Manchmal wird unser Programm unmerklich zur Routine, besonders dann, wenn
wir die erste, schwere Phase hinter uns haben, in der es um die
Loslösung von unserer Sucht und um unsere Nüchternheit ging.
Inzwischen haben wir die Vorzüge der Nüchternheit kennengelernt, wir
gehen regelmäßig zu unseren Meetings und kennen die Worte und Lehren
unseres Programms. Nach außen scheint also alles in Ordnung, aber wenn
wir ganz ehrlich sind, müssen wir uns eingestehen, daß unser
Enthusiasmus abgeflaut ist. Das ist eine ernste Sache, mit
der wir uns auseinandersetzen müssen.
Wenn das innere Gefühl nicht mit dem äußeren Schein übereinstimmt,
bedeutet das, daß wir zu "glatt" geworden sind: Wir müssen wieder
verletzlicher werden. Wir müssen zeigen, wie wir uns wirklich fühlen.

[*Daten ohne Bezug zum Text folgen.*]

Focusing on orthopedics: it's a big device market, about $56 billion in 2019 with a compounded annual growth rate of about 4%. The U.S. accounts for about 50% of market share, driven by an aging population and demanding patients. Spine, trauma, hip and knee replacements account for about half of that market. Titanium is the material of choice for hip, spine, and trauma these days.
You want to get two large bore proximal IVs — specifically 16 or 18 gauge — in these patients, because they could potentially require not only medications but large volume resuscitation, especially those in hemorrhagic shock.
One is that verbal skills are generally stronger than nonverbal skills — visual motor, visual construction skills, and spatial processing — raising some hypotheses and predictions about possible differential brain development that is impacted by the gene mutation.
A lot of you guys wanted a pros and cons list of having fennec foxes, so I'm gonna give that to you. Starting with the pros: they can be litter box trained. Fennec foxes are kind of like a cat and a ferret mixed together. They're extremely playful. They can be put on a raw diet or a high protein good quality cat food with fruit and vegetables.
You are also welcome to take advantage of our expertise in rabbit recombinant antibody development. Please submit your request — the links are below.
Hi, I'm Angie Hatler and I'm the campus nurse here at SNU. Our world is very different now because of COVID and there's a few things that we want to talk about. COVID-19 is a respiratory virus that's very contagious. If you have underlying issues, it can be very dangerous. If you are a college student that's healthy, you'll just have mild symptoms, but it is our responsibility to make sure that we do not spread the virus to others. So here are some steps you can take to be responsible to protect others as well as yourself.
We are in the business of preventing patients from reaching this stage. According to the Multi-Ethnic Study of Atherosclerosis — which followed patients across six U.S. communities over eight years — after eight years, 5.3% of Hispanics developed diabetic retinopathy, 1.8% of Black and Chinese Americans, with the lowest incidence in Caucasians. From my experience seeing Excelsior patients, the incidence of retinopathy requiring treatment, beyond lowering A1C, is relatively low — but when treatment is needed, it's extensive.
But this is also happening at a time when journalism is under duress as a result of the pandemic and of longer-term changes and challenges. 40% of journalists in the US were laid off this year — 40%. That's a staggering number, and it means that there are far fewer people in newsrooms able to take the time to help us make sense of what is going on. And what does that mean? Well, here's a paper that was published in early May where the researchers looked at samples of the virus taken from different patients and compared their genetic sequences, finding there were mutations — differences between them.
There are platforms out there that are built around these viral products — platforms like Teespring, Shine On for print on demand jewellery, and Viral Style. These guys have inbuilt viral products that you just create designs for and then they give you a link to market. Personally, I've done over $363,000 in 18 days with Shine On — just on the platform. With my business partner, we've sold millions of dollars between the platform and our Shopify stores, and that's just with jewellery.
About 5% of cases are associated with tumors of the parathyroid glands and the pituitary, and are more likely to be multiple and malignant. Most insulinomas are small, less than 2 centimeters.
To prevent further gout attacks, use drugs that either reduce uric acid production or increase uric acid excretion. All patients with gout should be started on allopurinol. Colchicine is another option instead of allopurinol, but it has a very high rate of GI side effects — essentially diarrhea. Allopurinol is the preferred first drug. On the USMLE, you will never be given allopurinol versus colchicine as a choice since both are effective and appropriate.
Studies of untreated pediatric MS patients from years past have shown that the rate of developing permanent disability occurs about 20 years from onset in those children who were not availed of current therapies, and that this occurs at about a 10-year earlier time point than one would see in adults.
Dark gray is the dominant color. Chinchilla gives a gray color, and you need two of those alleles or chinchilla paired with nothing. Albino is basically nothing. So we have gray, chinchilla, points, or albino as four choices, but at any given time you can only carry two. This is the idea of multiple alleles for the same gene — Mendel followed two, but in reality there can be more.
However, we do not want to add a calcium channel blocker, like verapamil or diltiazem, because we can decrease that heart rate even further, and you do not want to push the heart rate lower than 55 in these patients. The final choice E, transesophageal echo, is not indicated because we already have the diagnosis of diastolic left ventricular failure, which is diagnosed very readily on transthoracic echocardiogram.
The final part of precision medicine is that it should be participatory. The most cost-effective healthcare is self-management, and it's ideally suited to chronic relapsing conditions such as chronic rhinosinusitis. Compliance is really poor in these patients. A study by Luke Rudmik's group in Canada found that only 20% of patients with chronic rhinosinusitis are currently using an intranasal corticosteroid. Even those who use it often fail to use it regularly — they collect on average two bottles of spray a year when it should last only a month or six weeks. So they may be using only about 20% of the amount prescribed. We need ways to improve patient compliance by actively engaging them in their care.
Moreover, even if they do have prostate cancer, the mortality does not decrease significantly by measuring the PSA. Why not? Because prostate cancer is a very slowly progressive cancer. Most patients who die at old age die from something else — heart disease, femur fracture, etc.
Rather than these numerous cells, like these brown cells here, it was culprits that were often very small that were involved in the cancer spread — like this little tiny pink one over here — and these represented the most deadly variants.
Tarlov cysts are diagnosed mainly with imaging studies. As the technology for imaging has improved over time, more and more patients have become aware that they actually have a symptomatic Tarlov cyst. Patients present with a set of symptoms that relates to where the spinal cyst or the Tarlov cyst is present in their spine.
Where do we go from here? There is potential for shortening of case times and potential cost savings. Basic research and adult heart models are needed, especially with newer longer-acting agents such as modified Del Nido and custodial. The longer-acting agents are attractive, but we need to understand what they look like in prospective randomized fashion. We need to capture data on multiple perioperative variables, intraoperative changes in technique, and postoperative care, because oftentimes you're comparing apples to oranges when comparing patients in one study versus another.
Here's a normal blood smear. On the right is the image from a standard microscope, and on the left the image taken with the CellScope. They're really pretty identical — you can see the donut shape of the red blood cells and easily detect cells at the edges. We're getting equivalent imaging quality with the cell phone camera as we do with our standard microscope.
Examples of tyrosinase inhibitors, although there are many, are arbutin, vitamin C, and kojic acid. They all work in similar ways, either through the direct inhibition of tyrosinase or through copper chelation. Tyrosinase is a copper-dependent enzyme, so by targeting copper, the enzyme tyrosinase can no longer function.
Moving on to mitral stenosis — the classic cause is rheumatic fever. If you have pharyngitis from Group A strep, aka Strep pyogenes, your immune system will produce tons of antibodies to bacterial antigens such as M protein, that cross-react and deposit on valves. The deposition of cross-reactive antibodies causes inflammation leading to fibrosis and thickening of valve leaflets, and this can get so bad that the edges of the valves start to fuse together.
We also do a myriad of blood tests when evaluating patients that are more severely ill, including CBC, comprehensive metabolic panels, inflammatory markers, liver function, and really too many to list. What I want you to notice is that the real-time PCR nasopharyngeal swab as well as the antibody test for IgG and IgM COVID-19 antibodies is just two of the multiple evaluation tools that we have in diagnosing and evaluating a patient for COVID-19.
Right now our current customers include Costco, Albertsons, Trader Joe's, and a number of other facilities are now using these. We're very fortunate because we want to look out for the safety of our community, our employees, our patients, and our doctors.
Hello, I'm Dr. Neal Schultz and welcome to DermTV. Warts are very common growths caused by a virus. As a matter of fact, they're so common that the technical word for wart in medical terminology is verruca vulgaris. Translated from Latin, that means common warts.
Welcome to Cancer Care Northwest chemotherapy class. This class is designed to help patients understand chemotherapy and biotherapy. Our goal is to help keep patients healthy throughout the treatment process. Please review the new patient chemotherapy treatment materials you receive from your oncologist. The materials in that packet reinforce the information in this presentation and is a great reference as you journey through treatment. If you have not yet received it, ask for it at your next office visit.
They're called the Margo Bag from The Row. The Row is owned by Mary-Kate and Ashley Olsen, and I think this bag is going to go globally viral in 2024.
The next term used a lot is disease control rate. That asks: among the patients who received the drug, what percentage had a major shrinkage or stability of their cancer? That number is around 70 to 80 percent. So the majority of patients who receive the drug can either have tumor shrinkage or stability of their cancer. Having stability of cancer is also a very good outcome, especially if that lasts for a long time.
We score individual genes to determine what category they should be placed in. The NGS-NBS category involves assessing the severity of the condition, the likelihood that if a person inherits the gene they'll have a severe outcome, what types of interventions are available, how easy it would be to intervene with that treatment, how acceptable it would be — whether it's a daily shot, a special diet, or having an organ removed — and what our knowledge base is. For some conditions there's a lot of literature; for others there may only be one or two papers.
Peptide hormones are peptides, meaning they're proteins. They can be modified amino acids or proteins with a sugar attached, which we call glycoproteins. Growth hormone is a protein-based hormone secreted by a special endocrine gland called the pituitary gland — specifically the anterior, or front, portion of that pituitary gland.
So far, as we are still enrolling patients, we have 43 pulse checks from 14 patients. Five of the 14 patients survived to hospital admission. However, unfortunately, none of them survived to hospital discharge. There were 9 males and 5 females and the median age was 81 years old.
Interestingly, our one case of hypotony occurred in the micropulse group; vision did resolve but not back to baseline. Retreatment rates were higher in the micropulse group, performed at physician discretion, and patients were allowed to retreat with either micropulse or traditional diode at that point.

Vielleicht sind es Kleinigkeiten, die wir verbergen und die unseren
Geist abschweifen lassen. Vielleicht haben wir uns nicht eingestanden,
daß uns irgend etwas getroffen hat. Vielleicht sind wir äußeren Reizen
erlegen und haben dabei vergessen, wie schön es ist, wenn uns echte
Freunde wirklich kennen.
Das Neue an unserem Programm ist, daß die Erneuerung aus unserem Innern
kommt, und wir haben die Chance, weiterhin nach diesem Prinzip zu
leben.
Ich bete darum, daß meine Augen offen bleiben und meine Schritte
lebendig und echt sind.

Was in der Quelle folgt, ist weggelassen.